The Babys will in effect 'gobble' when they have
their Beak 'in' something which feels right to
them, or which feels close-enough...

IF they feel trusting of the situation and if they feel 'seen' or interacted with somehow, enough, in their terms, from whoever is offering to feed them...

Sometimes they assertively ask, even when one has hardly done anything to invite them...

If they are healthy, and confident and accepting of one's feeding them, they will be 'wild' with enthusisam and be all 'Peeeeeeep! Peeeeeeeeep!' or 'Squeeeeeeeeeak! Squeeeeeeeak!" and be running about in little circles or after your Hand, and pumping their shoulders and being assertive with their Nuzzleing.


If you like I would be happy to send you off-site some details too long for the posting context here...

Just let me know, write to me via my regular e-mail -

[email protected] 


Best wishes!

Phil
Las Vegas


----------



## Feefo (Feb 8, 2002)

Hi Louise,

Can you confirm that this is a feral pigeon that you have, rather than a wood pigeon or collared dove?

What size is it?

What colour eyes does it have?

If you stretch out a wing, do you see a white stripe?

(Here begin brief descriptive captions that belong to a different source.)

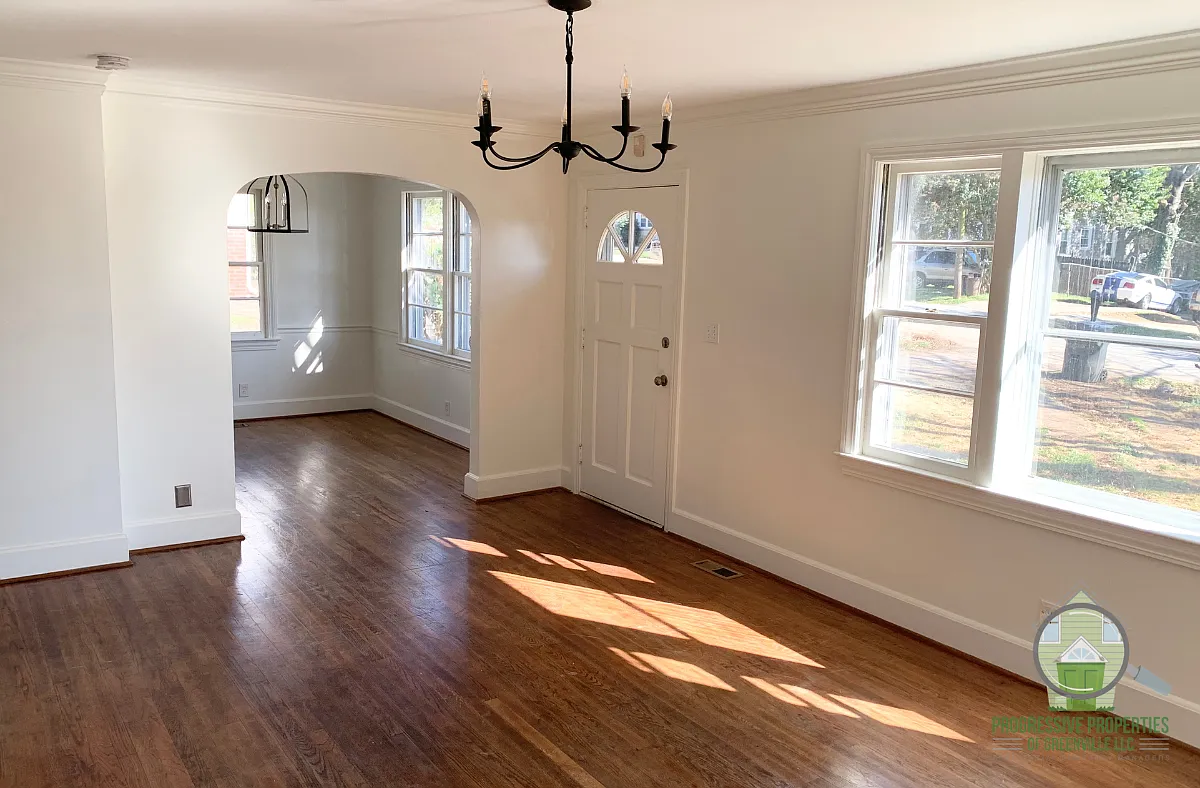 112 James Drive - 1 — Photo 2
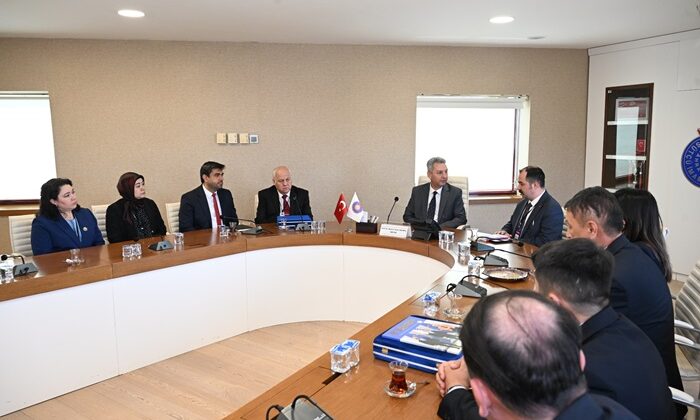 Özbekistan Heyeti KSÜ’de İş Birliği Anlaşmalarına İmza Attı.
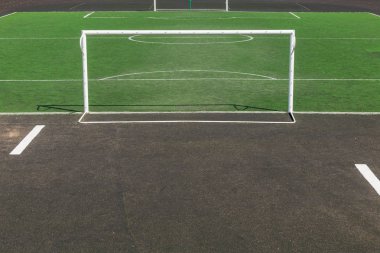 Okul bahçesinde 2 futbol sahası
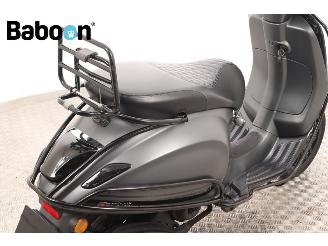 Vespa  Sprint 25KM picture 9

It may be difficult to find Kaytee Exact in Northern Ireland, it is also very pricey!

A handy , much cheaper and much more available alternative (that I actually find healthier although more difficult to prepare) is Chick Starter Crumbs.

You soak these for half an hour in hot (not boiling) water, liquidise them and then pass three times through a sieve. Serve at wrist warmth at the consistency of clotted cream. You can try to encourage the pigeon to feed itself by putting the mix in a cake icing bag, putting a slit in that and coaxing the pigeon's beak into the slit. Gently pump the food into its mouth once he starts to eat.

Cynthia


----------



## louise_s99 (Jun 7, 2006)

Hi

I think he's a feral pigeon though I know absolutely nothing about them so please feel free to correct me! I've (attempted to) attach a couple of pictures of him below, he's about the size of my hand, seems to have black eyes and has white underneath his wings.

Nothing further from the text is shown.